The junior judge of the lower court is, perhaps, unaware of matters that involve a thorough understanding of the Constitution of India. The cow slaughter question is part of Article 48 of the Constitution, which is essentially a Directive Principle that is not enforceable in a civil court. Ideally, he should have asked the petitioner to take the matter up with the High Court, but he did not do that. Instead, he hastily delivered a status quo order by, not only using the Cow Protection Law of the former Government of Andhra Pradesh, but also citing the Prevention of Cruelty to Animals Act.
However, the Hyderabad High Court upheld the civil court order on 9 December and asked the university to maintain law and order. Consequently, the state government, along with university officials, profiled and arrested several SC/ ST/OBC students.
There are two major problems with the civil court’s order: One, like Hindutva activists, the court is defining beef as only cow meat, whereas beef could also mean buffalo, bull or bullock meat. The slaughtering of these animals was never banned in Andhra Pradesh (Telangana). Two, the citing of the Prevention of Cruelty to Animals Act by the judiciary. It is absurd to cite the Act for food-based slaughter. If the court’s logic is extended to stopping the slaughter of chicken, fish and other meat, the whole nation would be forced to become vegetarian.
The food question cannot be seen from the point of view of a small section’s sentiment but has to be seen practically; from the health point of view of the masses, particularly the poorest of the poor, who have their own food habits and resources.
The judiciary seems to have simply overlooked the fact that India suffers from a huge problem of malnutrition and most villages and tribal areas have no availability of even basic food items — such as ghee, milk, dal and vegetables — that these ‘urban vegetarians’ are talking about.

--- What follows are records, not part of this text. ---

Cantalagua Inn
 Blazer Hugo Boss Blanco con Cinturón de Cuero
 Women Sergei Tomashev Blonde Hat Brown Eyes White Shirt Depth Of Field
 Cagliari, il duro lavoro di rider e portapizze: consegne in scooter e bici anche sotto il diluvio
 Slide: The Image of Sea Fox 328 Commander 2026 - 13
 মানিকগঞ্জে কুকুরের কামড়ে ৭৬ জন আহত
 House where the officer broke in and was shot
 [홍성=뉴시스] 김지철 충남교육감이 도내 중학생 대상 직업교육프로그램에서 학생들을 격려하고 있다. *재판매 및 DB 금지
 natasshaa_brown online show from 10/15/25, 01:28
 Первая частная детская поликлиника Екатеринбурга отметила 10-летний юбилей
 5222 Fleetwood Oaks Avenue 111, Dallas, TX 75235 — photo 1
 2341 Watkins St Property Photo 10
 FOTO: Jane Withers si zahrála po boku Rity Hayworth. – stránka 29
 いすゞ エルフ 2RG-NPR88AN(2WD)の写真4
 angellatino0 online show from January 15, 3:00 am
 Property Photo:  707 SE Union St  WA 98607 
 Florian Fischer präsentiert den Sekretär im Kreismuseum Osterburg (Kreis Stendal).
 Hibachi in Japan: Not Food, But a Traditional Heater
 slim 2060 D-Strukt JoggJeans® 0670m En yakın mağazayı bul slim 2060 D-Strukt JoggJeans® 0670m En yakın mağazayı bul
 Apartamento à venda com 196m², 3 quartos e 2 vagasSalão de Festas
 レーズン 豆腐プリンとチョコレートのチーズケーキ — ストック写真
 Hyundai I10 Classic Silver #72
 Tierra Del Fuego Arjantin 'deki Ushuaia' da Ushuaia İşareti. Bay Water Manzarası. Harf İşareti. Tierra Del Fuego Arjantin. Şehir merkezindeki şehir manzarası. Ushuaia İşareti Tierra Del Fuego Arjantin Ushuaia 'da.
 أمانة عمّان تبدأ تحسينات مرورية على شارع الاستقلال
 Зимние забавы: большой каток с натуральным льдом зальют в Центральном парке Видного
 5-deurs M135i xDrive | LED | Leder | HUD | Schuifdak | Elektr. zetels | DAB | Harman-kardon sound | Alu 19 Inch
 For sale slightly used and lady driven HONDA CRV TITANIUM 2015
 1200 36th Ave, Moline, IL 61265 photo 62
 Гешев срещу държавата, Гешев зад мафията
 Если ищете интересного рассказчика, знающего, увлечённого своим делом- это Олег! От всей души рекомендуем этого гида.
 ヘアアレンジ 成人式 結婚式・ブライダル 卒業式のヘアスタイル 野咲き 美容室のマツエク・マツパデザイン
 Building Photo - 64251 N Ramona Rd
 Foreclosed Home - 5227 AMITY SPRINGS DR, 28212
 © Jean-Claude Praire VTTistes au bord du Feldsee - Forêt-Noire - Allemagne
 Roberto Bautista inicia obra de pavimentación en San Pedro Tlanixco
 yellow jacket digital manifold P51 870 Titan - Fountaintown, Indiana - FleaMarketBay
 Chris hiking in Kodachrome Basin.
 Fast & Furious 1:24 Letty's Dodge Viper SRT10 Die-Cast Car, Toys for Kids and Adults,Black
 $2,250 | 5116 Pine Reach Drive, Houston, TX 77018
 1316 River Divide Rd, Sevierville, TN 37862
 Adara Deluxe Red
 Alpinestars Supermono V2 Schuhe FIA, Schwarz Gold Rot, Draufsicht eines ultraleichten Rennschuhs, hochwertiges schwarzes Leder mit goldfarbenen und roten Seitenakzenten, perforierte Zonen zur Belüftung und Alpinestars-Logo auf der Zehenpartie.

If private armies of the Sangh Parivar, backed by the ‘vegetarians’ who are in real power in Delhi, are allowed to handle cow protection laws in different states by lynching those suspected of eating beef — the mainstream public has already witnessed an example of this in Dadri in September — and killing those who trade in cattle, the state machinery will collapse.
The food culture problem has escalated not only because of the BJP, but also the politics of ‘vegetarianism’ practiced by the Congress and various regional parties after the Nehruvian era. Even though Nehru was ‘accused’ of beef-eating, liquor drinking and atheism, he did not yield to the agendas of cow protection and vegetarian nationalism. Even Atal Bihari Vajpayee, while being a Brahmin, was a meat eater and liquor drinker but the Sangh Parivar did not make too much fuss about it. However, they expected that Modi, a vegetarian pracharak, would ban beef with strictness. And he has not disappointed the Sangh.
However, the judiciary cannot allow the personal moorings and the ideological or social living methods of only certain castes and communities to regiment the food habits of a diverse people. This is where the judiciary has to study and understand the sentiments of all castes and communities and not just go by the homogenised language of majority and minority religions. In India, different castes and communities have different food cultures. The students of the Osmania university have put this argument forward very effectively.